Hey guys, my friend and I decided last week to try ice fishing, so we bought a used shanty and headed to Mosquito on Saturday. It was not a good trip, and it ended with both of us falling through the ice near the causeway. We made it out okay, but I was soaked to my armpits and my coat was actually freezing around me! We pulled the shanty back onto more solid ice, but we decided it would take too long to pull it all the way back to the parking lot, so we left it and went to the car to try to get warm. We knew we needed to get warn and dry fast.

We ended up leaving it there and heading home for hot showers, planning to come back for it Sunday after church. But I'm a minister, and I was never able to get away on Sunday to go get it, so we went back Monday morning. It was gone. You could clearly see where a couple guys walked out across the same ice I fell through (I guess it had gotten thicker overnight) and dragged it back to the stairs. If fact, they left the snow shovel and one of the two folding chairs there on the causeway! In talking to other fishermen, they said they had seen it sitting there all day Sunday, so it must have been taken Sunday night or Monday morning before we got there.

If anyone has that shanty or knows where it is, I would really appreciate getting it back, no questions asked. It was a blue Clam, I think the model was 5600? It still had the old owner's name (Matt McClun) written on the canvas with black magic marker. A new auger and a second folding chair were taken with it. Please, let me know if you knowing anything about it. My email is pastor_jim at sbcglobal dot net . Or you could probably drop it off at Causeway Bait and Tackle. I spoke to them and they have my number.


----------



## moke (Feb 25, 2008)

Give it up sluggo. People just dont LEAVE ice fishing shannys on the ice for people to take home for free. You wonder why people dont want people hunting or fishing on their property.The people who took this gives all of us sportsmans a bad name. I sure hope someone knows who these guys are and can get the shanny back to its owner.

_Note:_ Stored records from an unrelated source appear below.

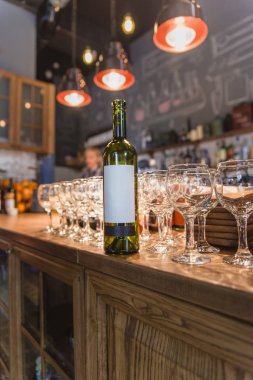 Şişe beyaz şarap gözlük ile bir bar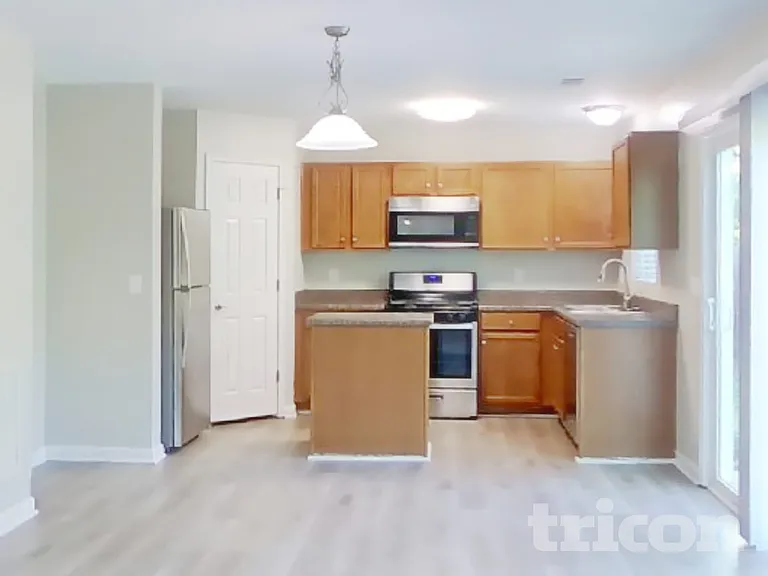 4065 Alicia Ln — Photo 5
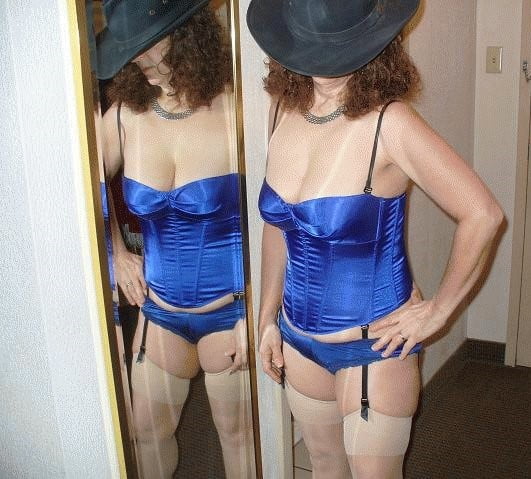 Sexy matures in blue - 58 Photos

Good luck and most important glad your are safe.

Be safe

Moke


----------



## fish master (Dec 24, 2005)

srry for ur luck but thats a big no no. but if i hear anything ill let ya know...umm trylooking on craigslist that a good spot fer thives.. fish master


----------



## DaleM (Apr 5, 2004)

fish master said:


> srry for ur luck but thats a big no no. but if i hear anything ill let ya know...umm trylooking on craigslist that a good spot fer thives.. fish master


You really should try to use spell check. 
I understand lots of people tex message, but this isn't a tex message place. Please try to actually spell out the words. Makes it a lot easier to read and understand.


----------



## Papascott (Apr 22, 2004)

Tll us how u rlly fel Dale


----------



## bassmastermjb (Apr 8, 2004)

DaleM said:


> You really should try to use spell check.
> I understand lots of people tex message, but this isn't a tex message place. Please try to actually spell out the words. Makes it a lot easier to read and understand.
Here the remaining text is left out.